His latest role is in Candyman, a supernatural slasher film co-written by Jordan Peele and directed by Nia DaCosta. The 2021 film is meant to be a direct sequel to the original Candyman released in 1992, ignoring the sequels done in 1995 and 1999.
Westmoreland plays the first Candyman, Samuel Evans, from the 1950s. Evans is one of many variants of Candyman who form The Hive, whose purpose is to bring the tragic truth of Black oppression to the forefront, emphasizing how systemic racism continues to justify violence against Black people, from lynching and murder to gentrification and police brutality.

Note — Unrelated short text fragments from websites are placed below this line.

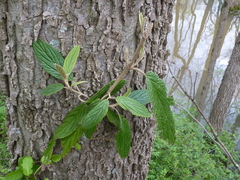 Viburnum rhytidophyllum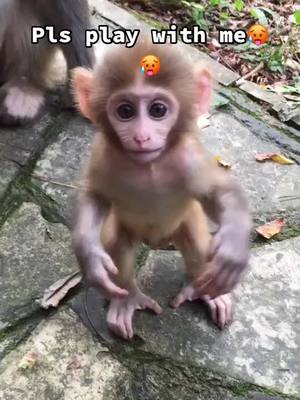 A post by @monkeycoll on TikTok caption: I love monkeys 🐒, so cute #monkey#Affirmations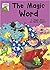 The Magic Word (Leapfrog)
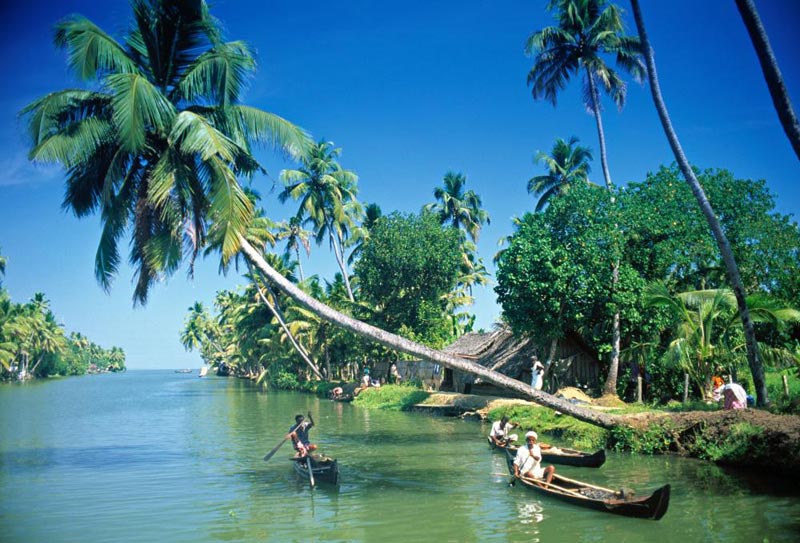 The Paradise Of Kerala Tour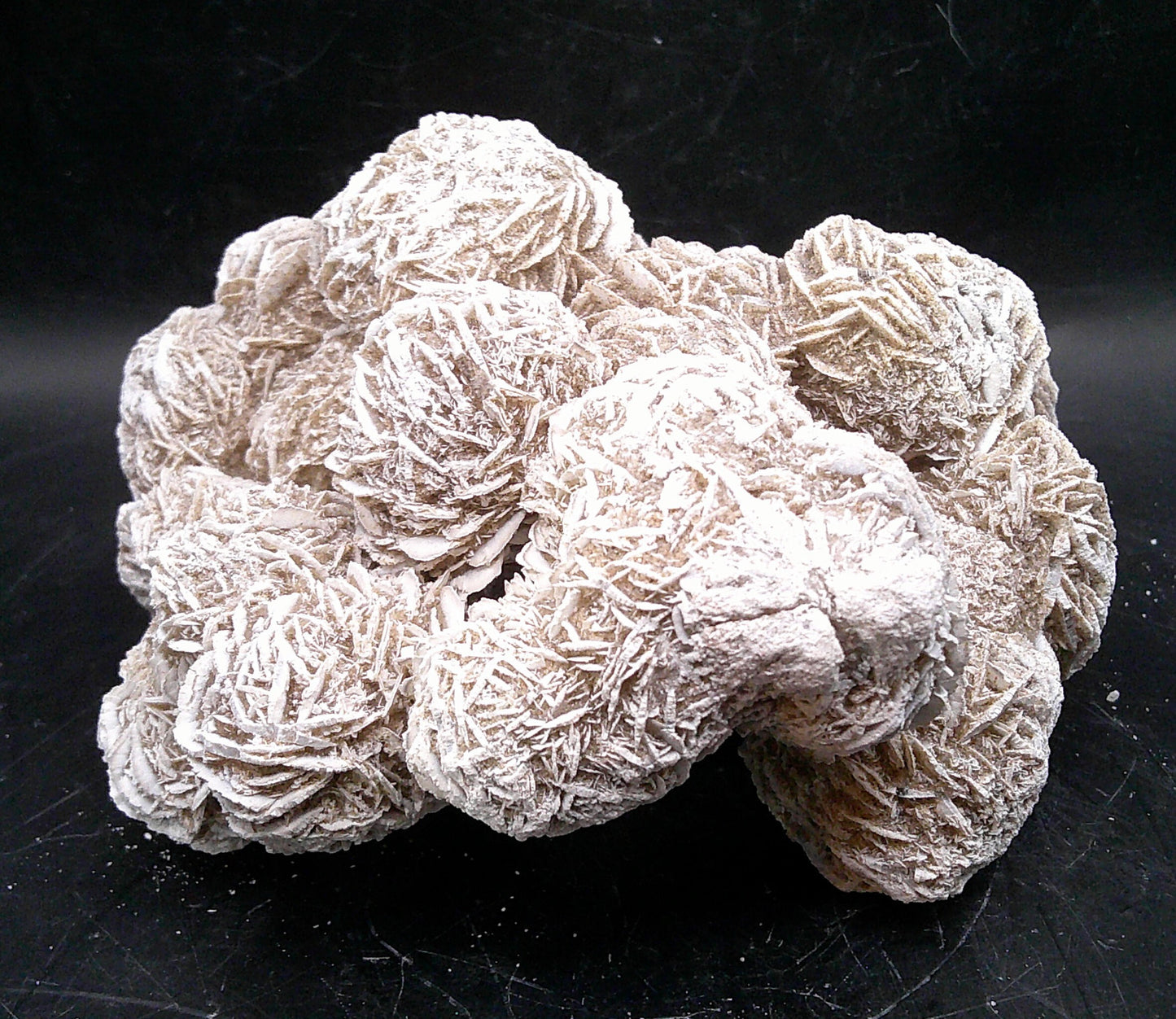 Decorative Desert Rose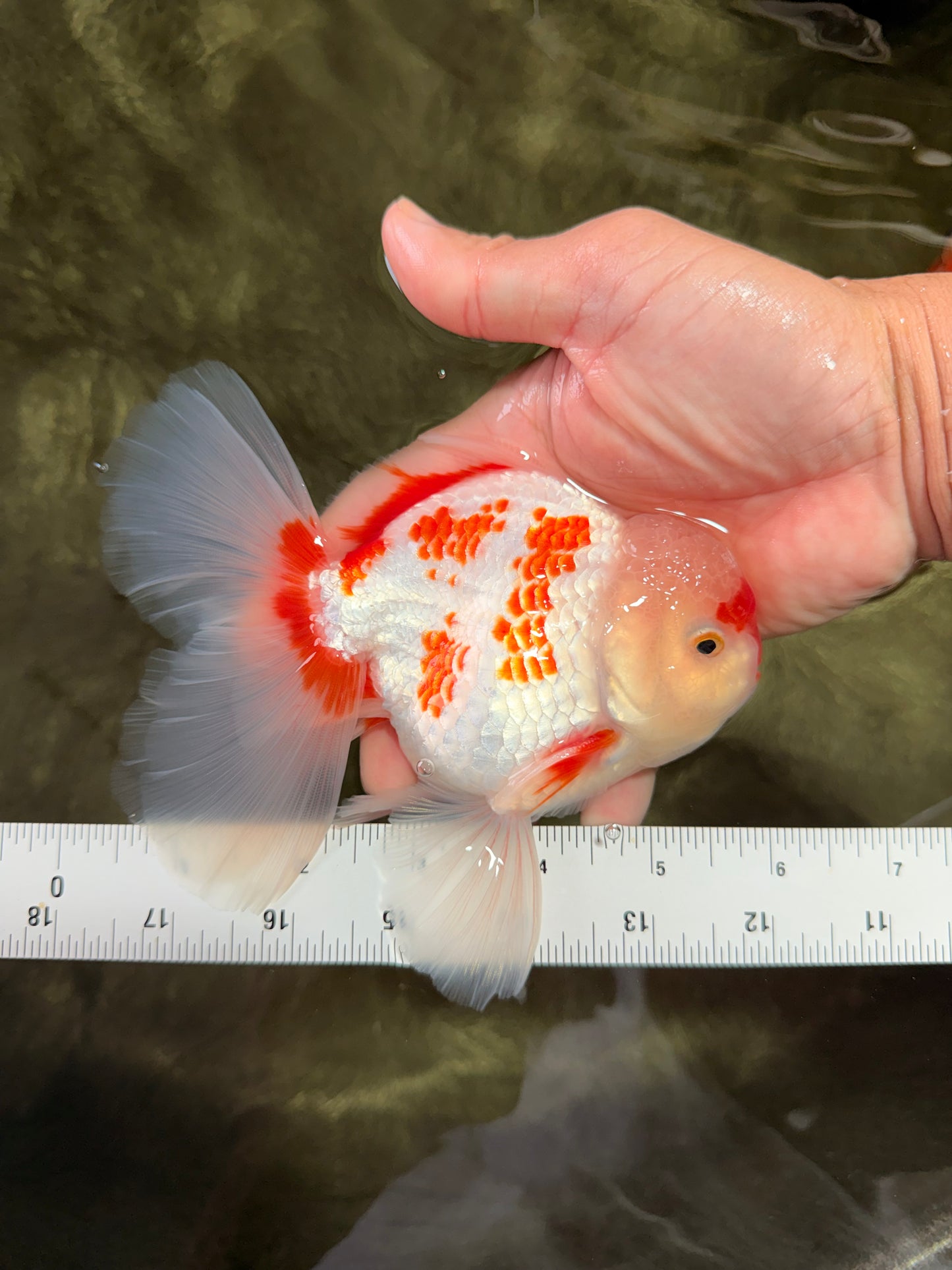 AAA Grade Red White Oranda Male 5.5-6 inches #072426OR_10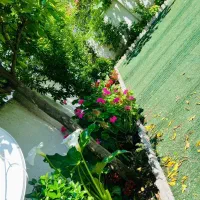 فروش-و-تهاتر-ویلای-سنددار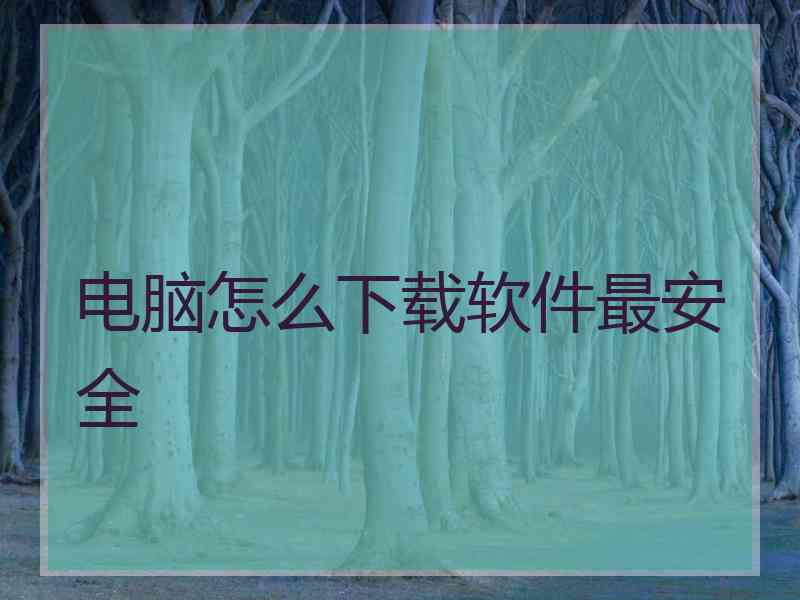 电脑怎么下载软件最安全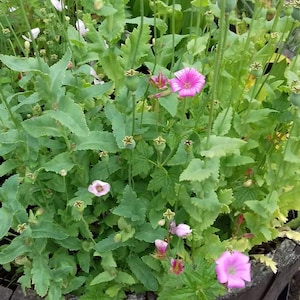 May include: A dark wooden barrel planter filled with green foliage, pink mallow flowers, and various poppy plants. The poppies feature tall, slender stems topped with round, light green seed pods and vibrant purple and pink flower petals.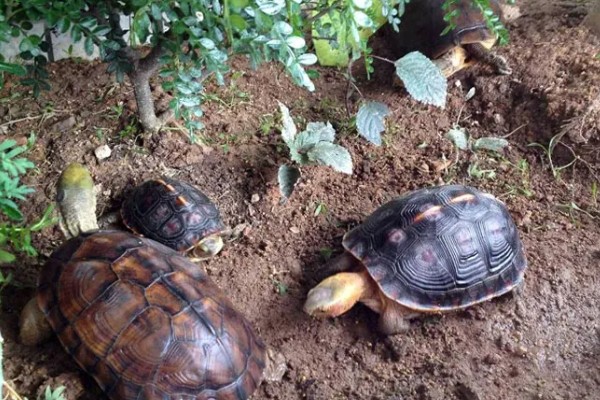 干养乌龟要注意什么，长期干养可能会脱水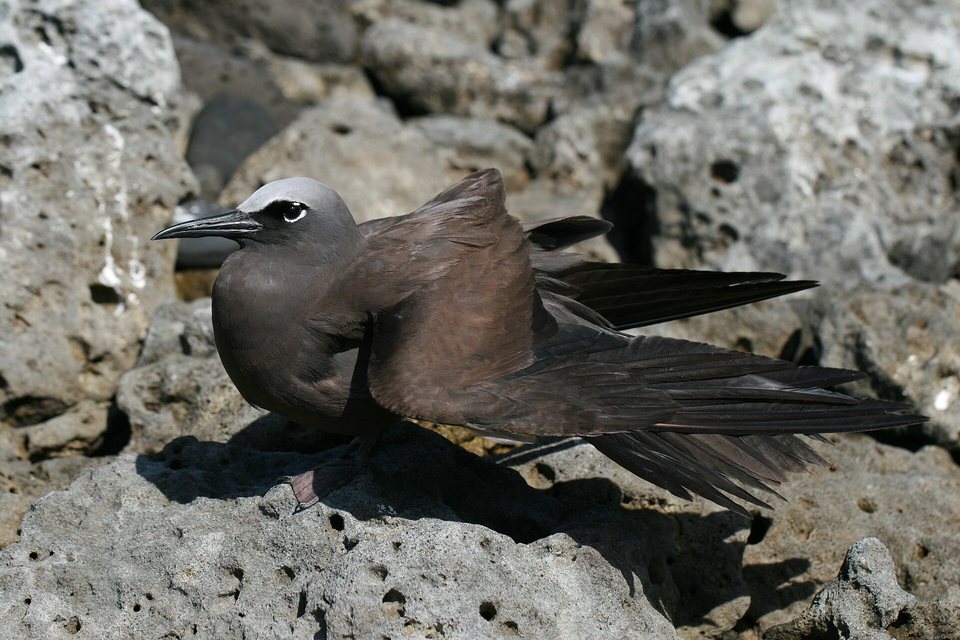 A dark brown seabird with a pale grey cap spreading one wing while resting on pitted grey rock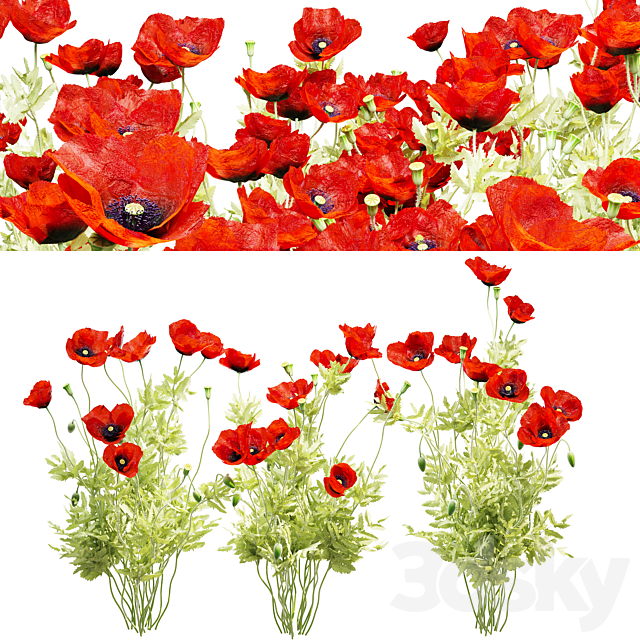 Poppy field 3ds Max - thumbnail 1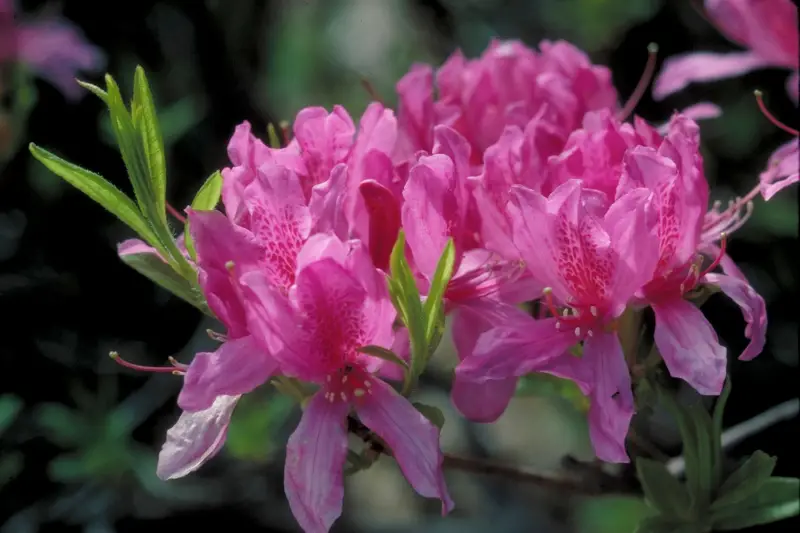 Are Azalea'S Orchids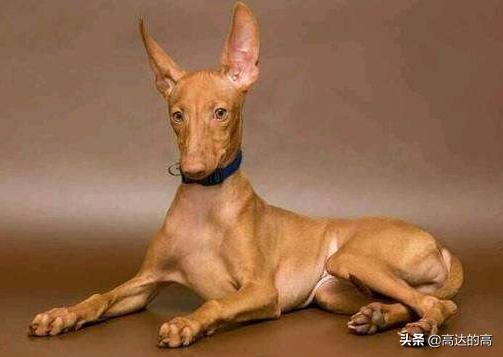 世上最贵的十种犬排行,狗中最贵的犬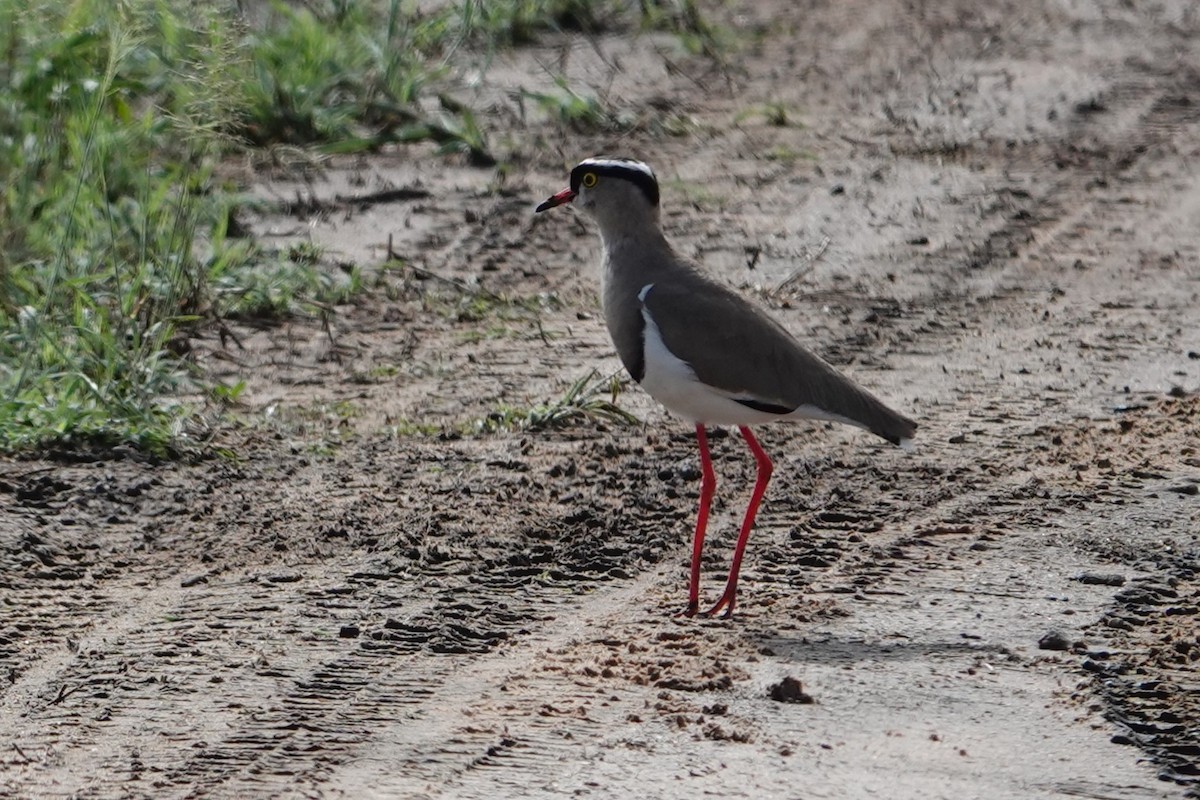Crowned Lapwing - ML617604879
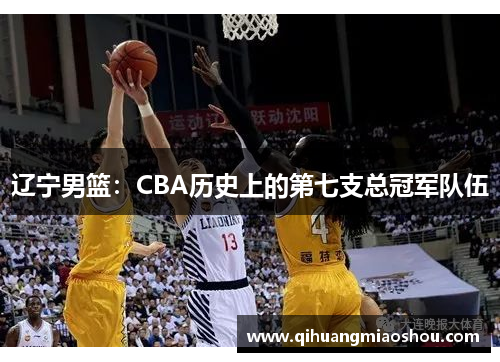 辽宁男篮：CBA历史上的第七支总冠军队伍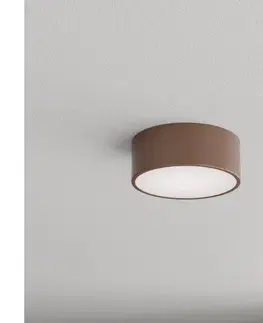 Svietidlá BRILAGI - Stropné svietidlo CLARE 1xE27/40W/230V pr. 20 cm hnedé 8590828125730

He says it was an honor to play a version of such an iconic serial killer, especially because he was hand-picked by Peele, who felt Westmoreland had an uncanny resemblance to the actor who played the original Candyman in the 1992 film.
Filming the horror movie wasn’t as frightening as he imagined it was going to be.
“I thought it was going to be a very scary movie, but it wasn’t,” he says. “They used a Cyprus scanner to [disfigure my face]. I made like 20 different faces, and all of them [were] ugly. Candyman was being transformed from me and it was really cool to see the process of that.”
Westmoreland grew up in the Austin neighborhood of Chicago. He’s a multihyphenate artist who also plays the guitar and harmonica and has been a motivational speaker for nearly 25 years throughout the Midwest. He believes all it takes is for one person to listen and to be motivated by his talks, and that is why he continues to do speaking engagements.
“I [want] the audience to know that good can come out of the hood,” he says. “I want [kids especially] to know it doesn’t matter where you come from; it’s about striving to do your best [by letting] God lead you. Everybody [has] a purpose in life. Ask [God] what’s your purpose and your vision, and he will show you.”
Acting, motivational speaking, and giving back gives Westmoreland a great sense of personal and spiritual joy. However, he says his greatest joy comes from being a supportive father to his 17-year-old daughter. While she also has a love for acting, he is quick to note she has her own agenda for her future.
“She’s a professional dancer and singer. She can really sing. She’s been singing since she was 5, like in front of 1,500 people,” he gushed. “She’s also a much better actor than I am.”
Westmoreland moved to Oak Park in 1988, and he continues to live here because it’s a good place to raise a family, he said.
“I like the parks. It’s just a great atmosphere to live in. Everything is right at your feet, and you can’t ask for anything more.”
He credits his strong belief in God for why he never thought to move to Los Angeles, like most actors.
“God will always show me where to go; until then, I’m staying put in Oak Park.”